Sunday, January 01, 2006

we're all going on our summer holidays....

...sun and laughter for a week or two' ok, that's enough of that, Cliff that is, not the summer holidays!

Tomorrow morning I leave GFH in the capable hands of various relievers and head down to South Island, first stop Blenheim to visit my Mum's cousin, then Christchurch to hopefully see one of my Dad's (2nd) cousins and get my lift to Summer Gathering - an all age Quaker event for 8 days, this time in Ranfurly so I'll get to see some of Central Otago.

At least this year we don't get the incredulous looks Ngaruawahia produced when you said where you were going for your holidays (where it was held last year - it's near Hamilton and well at first I thought it was a bit mean to name a place after Hamilton - then I went there). Altho' next year it is being held up the Hutt Valley at Silverstream, a location more commonly known for being where the civic dump is, altho' there is also a Railway Museum there with steam trains (no prizes for guessing which outing I'll be picking. One childhood fascination I have never quite grown out of), and it is on the edge of the Rimutaka range with some great picnic options. However the joys of that are still way off (thankfully as somehow I seem to be on the organising committee for it... shock horror, now there's a novelty) and this year I get to enjoy SG with 'just' a WGYF session to do with Fran, Jonathan and Charlotte and help out with the JYFs (13-15 yr olds). You know one day I'll get to go to an event again purely as a participant... one day, maybes.
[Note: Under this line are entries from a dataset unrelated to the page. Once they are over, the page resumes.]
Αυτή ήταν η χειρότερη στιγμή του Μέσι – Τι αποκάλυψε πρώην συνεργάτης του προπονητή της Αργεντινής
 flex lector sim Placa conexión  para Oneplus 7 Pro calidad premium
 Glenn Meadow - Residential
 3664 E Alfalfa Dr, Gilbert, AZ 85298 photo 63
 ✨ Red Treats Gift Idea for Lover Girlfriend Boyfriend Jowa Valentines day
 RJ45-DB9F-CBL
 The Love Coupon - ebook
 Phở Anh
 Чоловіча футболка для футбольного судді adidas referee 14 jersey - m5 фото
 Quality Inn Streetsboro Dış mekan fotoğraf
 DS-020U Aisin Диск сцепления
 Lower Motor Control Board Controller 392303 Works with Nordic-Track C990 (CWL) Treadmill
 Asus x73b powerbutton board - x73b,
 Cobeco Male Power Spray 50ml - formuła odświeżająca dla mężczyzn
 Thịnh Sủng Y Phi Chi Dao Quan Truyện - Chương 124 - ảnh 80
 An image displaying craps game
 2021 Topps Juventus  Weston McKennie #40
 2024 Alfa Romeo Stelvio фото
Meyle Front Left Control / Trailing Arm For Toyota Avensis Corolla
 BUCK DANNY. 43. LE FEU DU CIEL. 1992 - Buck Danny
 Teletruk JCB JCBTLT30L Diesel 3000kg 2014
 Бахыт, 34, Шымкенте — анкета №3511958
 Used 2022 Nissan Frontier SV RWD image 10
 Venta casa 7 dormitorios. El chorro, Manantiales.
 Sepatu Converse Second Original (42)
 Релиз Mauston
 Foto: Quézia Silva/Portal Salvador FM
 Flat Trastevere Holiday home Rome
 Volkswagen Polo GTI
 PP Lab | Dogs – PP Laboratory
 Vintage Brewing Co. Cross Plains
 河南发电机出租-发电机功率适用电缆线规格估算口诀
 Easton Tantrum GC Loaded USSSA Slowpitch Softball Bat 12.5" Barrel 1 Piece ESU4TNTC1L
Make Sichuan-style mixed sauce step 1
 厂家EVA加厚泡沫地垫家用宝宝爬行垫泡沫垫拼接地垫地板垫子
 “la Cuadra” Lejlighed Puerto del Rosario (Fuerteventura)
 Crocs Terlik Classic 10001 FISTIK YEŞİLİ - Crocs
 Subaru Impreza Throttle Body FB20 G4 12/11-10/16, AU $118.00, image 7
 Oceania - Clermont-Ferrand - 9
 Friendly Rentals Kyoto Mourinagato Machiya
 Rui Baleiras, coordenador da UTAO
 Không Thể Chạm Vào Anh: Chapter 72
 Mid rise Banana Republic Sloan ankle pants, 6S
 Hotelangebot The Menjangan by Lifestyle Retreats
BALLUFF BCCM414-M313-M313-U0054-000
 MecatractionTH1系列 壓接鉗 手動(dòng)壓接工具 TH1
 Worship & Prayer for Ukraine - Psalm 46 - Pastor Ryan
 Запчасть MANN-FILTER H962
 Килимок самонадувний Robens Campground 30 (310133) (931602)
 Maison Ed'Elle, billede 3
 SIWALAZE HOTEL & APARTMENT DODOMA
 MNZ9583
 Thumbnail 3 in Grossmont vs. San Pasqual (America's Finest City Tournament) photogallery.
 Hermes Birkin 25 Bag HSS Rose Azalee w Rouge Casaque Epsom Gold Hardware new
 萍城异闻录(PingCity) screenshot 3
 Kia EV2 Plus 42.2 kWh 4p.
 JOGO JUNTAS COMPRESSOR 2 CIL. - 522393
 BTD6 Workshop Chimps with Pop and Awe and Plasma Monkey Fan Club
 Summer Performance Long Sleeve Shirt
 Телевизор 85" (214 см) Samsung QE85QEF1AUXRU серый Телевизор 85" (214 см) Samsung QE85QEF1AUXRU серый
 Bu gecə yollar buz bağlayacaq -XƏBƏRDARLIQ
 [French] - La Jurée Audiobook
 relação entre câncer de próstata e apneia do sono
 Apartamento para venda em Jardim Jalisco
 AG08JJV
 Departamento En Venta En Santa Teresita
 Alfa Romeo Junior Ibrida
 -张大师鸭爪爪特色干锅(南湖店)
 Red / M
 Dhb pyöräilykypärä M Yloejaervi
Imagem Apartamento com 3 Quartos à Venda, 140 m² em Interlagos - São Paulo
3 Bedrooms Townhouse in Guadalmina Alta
So, it means I'll be out of internet range for a couple of weeks and thus not blogging, emailing, skypeing, messaging or whatever. So much for any bright ideas about New Years resolutions to stay in touch better - dashed before they are started. Not much new there then =)

So Happy New Year to you all - have a good one, and I'll catch up with you again in a fortnight (er, that's 2 weeks time for you N. Americans!)